Por Idivaldo Lopes de Oliveira (Dr. Charrua), advogado

Li recentemente em um site aqui no SiteBarra que um comandante teria ordenado seus policiais fazer uma blitz, apreender e prender os ambulantes vendedores de CDs e DVDs piratas. Observei data vênia falta de preparo para tal mister, já que esses policiais poderiam estar em outros locais servindo melhor a população.

Pergunto: Como punir penalmente um vendedor ambulante de CDs e DVDs falsificados, se os outros meios de repressão ainda não estão sendo utilizados com veemência? Não seria suficiente a contumaz atuação da Receita Federal e dos demais órgãos de fiscalização existentes?

A pena mínima de dois anos de reclusão, taxativa ao crime de violação de direitos autorais, é demasiadamente exagerada para o caso, porque existem outros meios de eficaz de combate à falsificação, tais como apreensão das mercadorias na fonte (fornecedor) e multa administrativa.

Na verdade a pena deveria incidir sobre os verdadeiros responsáveis pela reprodução e distribuição dos produtos, “que almejam lucro imensurável e quase sempre são comandados por organizações criminosas”.

Há que considerar também a condição simples desses pais e mães de família, que trabalham como camelô, “não por opção, mas porque o mundo do subemprego é a única coisa que ainda resta para ganhar a vida e sustentar humildemente sua família”.

Ademais, as vendas de DVDs piratas aumentaram muito no Brasil, não só pelo alto preço de CDs originais, mas porque os cinemas foram fechados, muitos deles se tornaram templos religiosos.

Assim, segundo o princípio da adequação social “em determinadas circunstâncias, um comportamento pode deixar de constituir um crime se são consideradas típicas as condutas praticadas dentro do limite da ordem social normal da vida, haja vista serem, assim, compreendidas como toleráveis pela própria sociedade”.

Isso significa que o cidadão comum em sua maioria não vê a venda de CDs e DVDs em camelos como crime.
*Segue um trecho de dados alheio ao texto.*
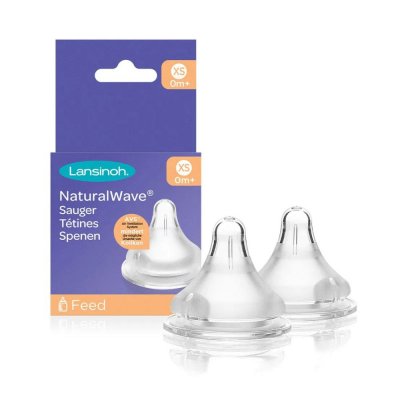 Lot de 2 tétines naturalwave xs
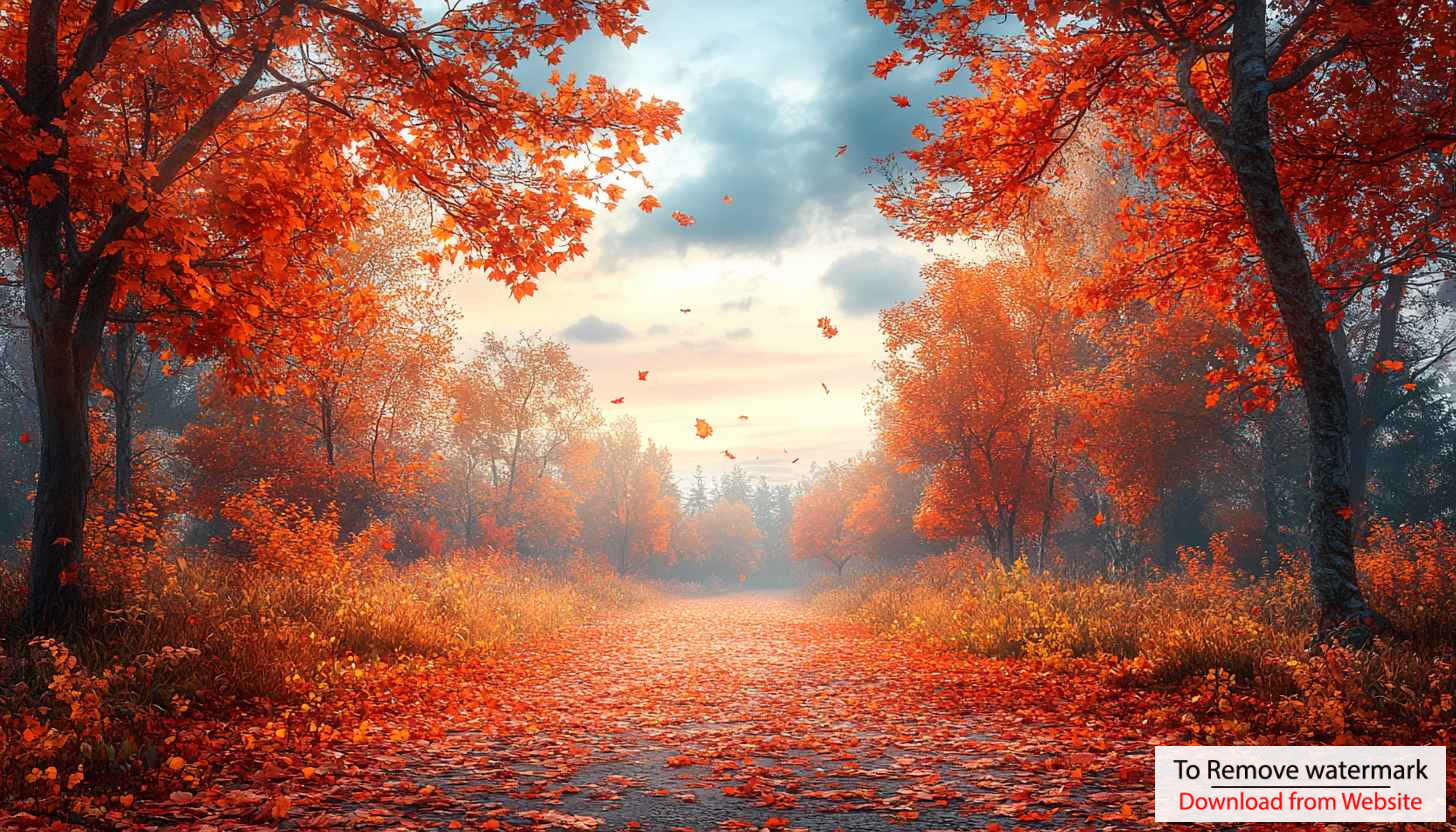 Autumn Forest Path 4K Desktop Background Fall Season Wallpaper Autumn Forest Path 4K Desktop Background Fall Season Wallpaper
Tal assertiva se confirma que até mesmo autoridades adquirem ou já adquiriram esse tipo de produto.

Welzel foi o primeiro penalista a perceber a impossibilidade de se considerar como delituosa uma conduta aceita ou tolerada pela sociedade, mesmo que se enquadre em uma descrição típica.

Logo, se um comportamento, em determinadas circunstâncias, não recebe juízo de reprovação social, não pode constituir um crime. Surgiu, então, o Princípio da Adequação Social. Como observa Mir Puig, “não se pode castigar aquilo que a sociedade considera correto”.

De acordo com o seu introdutor no Direito Penal, seria um princípio geral de hermenêutica. O tipo penal não pode alcançar condutas lícitas, que se realizam dentro de uma esfera da normalidade social.

Um exemplo de condutas formalmente típicas que, no entanto, tem a tipicidade excluída devido à Adequação Social, seria a circuncisão, realizada na religião judaica.

Outro exemplo seriam as lesões corporais causadas em partidas de futebol. São ações destituídas de tipicidade material, pois são coletivamente permitidas. É importante ressaltar que, todavia, a sociedade deve tolerar tais condutas, portanto, este princípio não abarca ações excessivas, que enquadrem-se fora dos limites da normalidade.

A tese aqui ventilada foi objeto de defesa em vários julgados com decisões, inclusive dos nossos Tribunais acolhendo a defesa e, por conseguinte, absolvendo o suposto infrator por atipicidade da conduta delitiva.